I know but I need them in my life lol like now lol
 
They might be on amazon too, have you looked on Toy Wiz? I don't know if they carry Barbie or not. Etsy will let you pay as a guest by credit card. Check there too.
 
They might be on amazon too, have you looked on Toy Wiz? I don't know if they carry Barbie or not. Etsy will let you pay as a guest by credit card. Check there too.
No its not the point of paying I don't have a credit care at all. I am a cash only person or Money order or gift cards kinda person. I could only get these if someone gifted me with the money to get them I should say as I am broke as a horse in June right now. But I do understand what your saying.
 
Oh yea that is hard, but never underestimate the possibility of finding them second hand either. There is a store in town here that has a Raggedy Ann section. I have no ability to go any time soon due to illness, but maybe when things are better I can check and see if she has this set for you.
 
I would adopt all the raggedy ann in the world if I could.

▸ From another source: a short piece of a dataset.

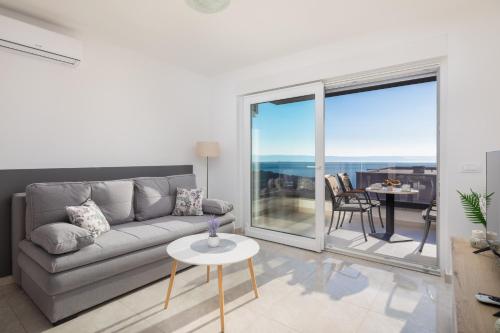 One-Bedroom Apartment image 3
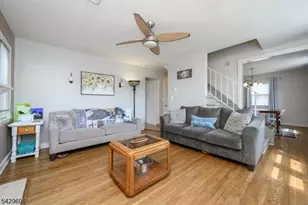 49 Colonial Dr, Clark Township, NJ 07066 - Photo 4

There some on ebay for less then 20.00 right now these are the moment when I wish I had paypal and money. But water under the bridge right.

Hope you feel better @tulagirl I am having dizzy spells myself.
 
I would adopt all the raggedy ann in the world if I could. There some on ebay for less then 20.00 right now these are the moment when I wish I had paypal and money. But water under the bridge right.

Hope you feel better @tulagirl I am having dizzy spells myself.

I think the front we just got made mine worse how about you? All that wind and pressure with a huge temperature drop. Yesterday was an impossible day.